Victor Hugo on the Ingratitude of Nature

Just finished Les Miserables (the book, not the musical). Lots of interesting reflections in there (and a great tale, too). In the final chapter the novel's hero, the Christ-like ex-convict Jean Valjean, after bringing about the happy marriage between his adopted daughter Cosette, whom he had saved from a miserable life and whom he has taken care of for the last ten years, and Marius, the man she loves and whose life he saved not long ago, allows himself to be cast aside, suddenly no longer needed and wanted when he tells Marius about his past. There are some misunderstandings, and Marius doesn't know that Jean has saved his life, while Cosette doesn't really understand what is going on, but given all that Jean has done for them, their behaviour still amounts to gross ingratitude. In the end they learn the whole truth, realise just how ungrateful they have been and try to make up for it, but before that happens, Victor Hugo, or his narrator, reflects on how grave the moral failure of the two ungrateful lovers actually is. And rather surprisingly he finds their behaviour, and generally that of young people, who tend to forget the benefits they have received from the old, not only excusable, but almost justified:

"what is sometimes over-severely described as the ingratitude of the young is not always so reprehensible as one may suppose. It is the ingratitude of Nature herself. Nature (...) always 'looks ahead'; she divides living creatures into those who are arriving and those who are leaving. Those leaving look towards darkness, and those arriving look towards light. Hence the gulf between them, fateful to the old, involuntary on the part of the young. The gulf, at first imperceptibly, grows gradually wider, like the spreading branches of a tree. It is not the fault of the branches that, without detaching themselves from the trunk, they grow remote from it. Youth goes in search of joy and festitivity, bright light and love. Age moves towards the end. They do not lose sight of one another, but there is no longer any closeness between them. Young folk feel the cooling of life; old people feel the chill of the grave. Let us not be too hard on the young."

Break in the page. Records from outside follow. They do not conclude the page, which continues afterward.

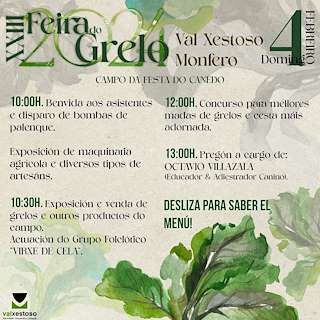 XXIV Feira do Grelo de Xestoso en Monfero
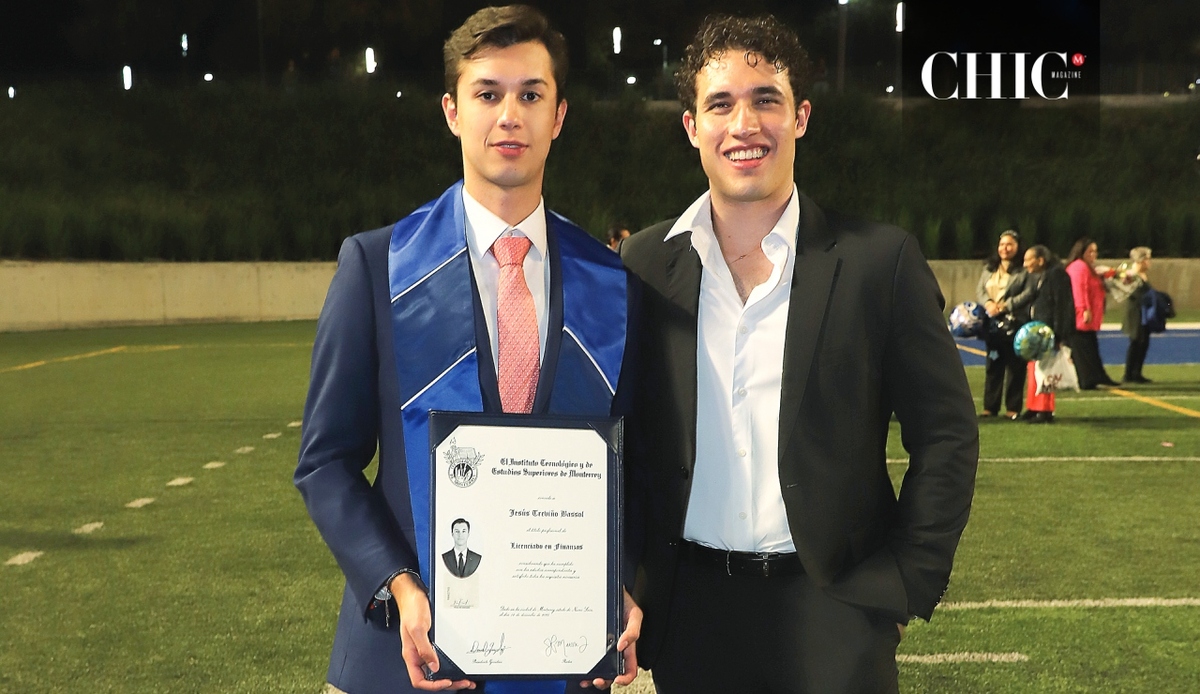 Jesús Treviño y Rodrigo Escandón / Foto: Daniel Saldívar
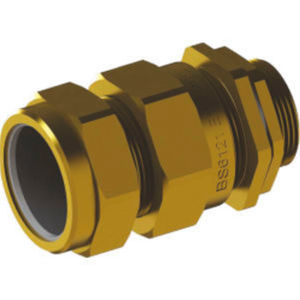 pressacavo in ottone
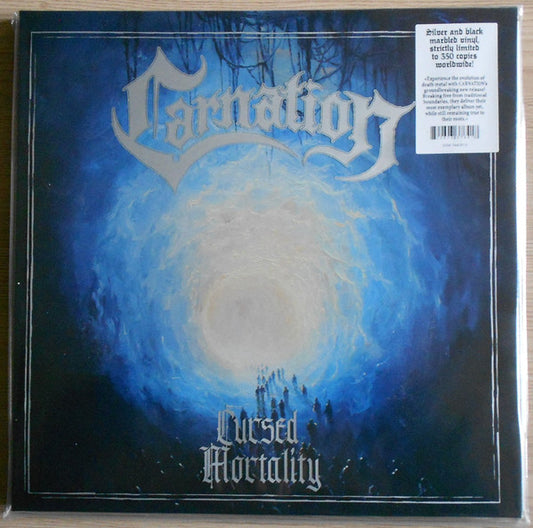 Carnation (3) : Cursed Mortality (LP, Album, Ltd, Sil)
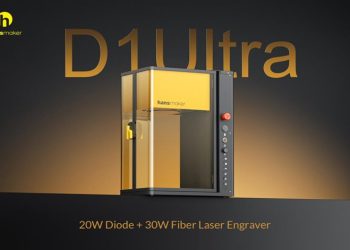 Introducing hansmaker D1 Ultra: Dual-Laser, Double Efficiency and Safety.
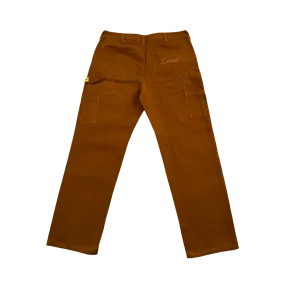 CARPENTER PANTS - CAMEL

So in other words, it is not only natural for the young to forget the good that they have received from the old, but it is also, for this very reason, right. It is exactly as it should be.

Sunday 16 December 2012

The Best about Two Chairs

A contemporary German philosopher (I forget who) once said that the best about two chairs is that you can sit between them. Right now this is the comfortable position that I happen to find myself in. In a critique of an article published earlier this year in the Journal of Medical Ethics (Giubilini and Minerva on "after-birth abortion") I claimed that morality was fundamentally irrational in the sense that there is no moral belief that is, as Don Marquis put it, "utterly compelling to any rational person". Moral convictions can always be contested, and it is never unreasonable to do so. Moral beliefs are not the results of rational reflection, but rather starting points. They are more like axioms upon which we build our world: foundational bricks in the house that constitutes the way we look at, think about, and relate to ourselves and the people and things around us. To believe, for instance, that it is wrong to torture people, is neither rational nor irrational. We may, of course, be able to explain why we think it is wrong, but nothing that we can say by way of an explanation is such that no rational person can deny its moral relevance. In that particular article, however, my main point was that the appearance of rational compellingness that many bioethicsts (especially those with roots in the analytic tradition) attempt to lend to their personal views is just that: mere appearance. It is a rhetorical device that is often used to trick the reader into accepting conclusions that intuitively they are inclined to reject.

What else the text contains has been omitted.